Посмеялись, разошлись, но запомнилась, даже поразила меня неадекватная реакция Молотова. Через несколько месяцев разъяснилось. То есть я мог представить, как совпали мои слова с тем, что происходило там, за кулисами, в Политбюро. Как раз тогда на Молотова «катили бочку» за иностранные дела, за Югославию и какую-то неуступчивость, вот тебе и «собственное мнение», кто знал, может, я как раз наступил на мозоль.
Позвали к столам.

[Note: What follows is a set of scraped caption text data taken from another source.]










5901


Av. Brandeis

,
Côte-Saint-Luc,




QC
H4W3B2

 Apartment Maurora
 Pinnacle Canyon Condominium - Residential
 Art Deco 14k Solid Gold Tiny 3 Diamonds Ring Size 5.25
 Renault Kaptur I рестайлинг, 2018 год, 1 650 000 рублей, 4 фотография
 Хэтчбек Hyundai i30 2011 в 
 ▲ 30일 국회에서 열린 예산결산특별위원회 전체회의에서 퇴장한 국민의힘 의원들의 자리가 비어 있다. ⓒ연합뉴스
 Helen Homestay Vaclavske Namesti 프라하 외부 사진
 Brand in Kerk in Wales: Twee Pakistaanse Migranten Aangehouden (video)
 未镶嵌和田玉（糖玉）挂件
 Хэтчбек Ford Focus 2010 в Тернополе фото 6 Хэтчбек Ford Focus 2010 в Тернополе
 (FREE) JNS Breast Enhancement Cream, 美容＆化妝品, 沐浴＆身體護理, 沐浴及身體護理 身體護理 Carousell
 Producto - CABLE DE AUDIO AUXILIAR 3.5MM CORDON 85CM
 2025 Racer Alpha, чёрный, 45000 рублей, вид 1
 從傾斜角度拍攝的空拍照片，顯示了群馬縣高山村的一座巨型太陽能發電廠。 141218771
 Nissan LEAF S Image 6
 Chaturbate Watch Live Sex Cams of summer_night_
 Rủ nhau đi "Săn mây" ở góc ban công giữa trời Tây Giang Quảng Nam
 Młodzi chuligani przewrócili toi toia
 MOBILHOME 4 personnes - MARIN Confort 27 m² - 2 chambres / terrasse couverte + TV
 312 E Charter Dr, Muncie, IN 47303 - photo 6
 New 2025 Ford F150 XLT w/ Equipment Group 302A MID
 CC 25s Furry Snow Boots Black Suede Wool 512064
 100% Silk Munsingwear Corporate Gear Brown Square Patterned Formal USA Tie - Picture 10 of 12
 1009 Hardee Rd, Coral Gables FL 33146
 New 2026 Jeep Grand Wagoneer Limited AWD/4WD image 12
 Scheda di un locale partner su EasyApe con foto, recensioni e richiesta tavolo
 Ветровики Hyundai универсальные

Небо было ясное, тепло, красиво, шатер, крахмальные скатерти, бутылки, рюмки, осетрина. Кто знал, что разразится вскоре гроза и в небе, и на земле…
Надо отделять поступок от человека. Поступок может быть плохой, но значит ли это, что человек плохой? Далеко не всегда. Осуждать поступок — да, жалеть о поступке — да, но перечеркивать человека — рискованно.
Самому человеку легче будет казнить себя за этот поступок, если он отделен от того, что совершил. Иначе он станет в позицию самозащиты, станет доказывать, что он не плохой, сами вы все плохие.
Запоминается (и надолго!) не брань, а остроумная оплеуха, так Владимир Яковлевич Александров, когда его попросила Лепешинская сказать мнение о своем докладе, ответил:
— Есть вещи, Ольга Борисовна, которые в присутствии дам не говорят.
Вагнер, по свидетельству Гельмгольца, ценил свои стихи выше, чем свою музыку.
Ньютон считал величайшим произведением своей жизни «Замечания на книгу пророка Даниила».
Эренбург считал себя прежде всего поэтом, а не прозаиком.
Радость видеть Вас умеряет только частота Ваших визитов.
Живопись — жизнь, которую окликнули, она остановилась взглянуть на вас. Будь то портрет или пейзаж, в любом случае картина позволяет вглядеться в подробности. Потому что портрет или пейзаж — они остановлены. Фотография же не останавливает жизнь, а убивает ее. И затем предает трупу нужное положение. Фотограф подстережет нужный момент и выстрелит в него. Художнику движение не мешает, ему нужны одновременно и смех и слезы, и ветер и покой.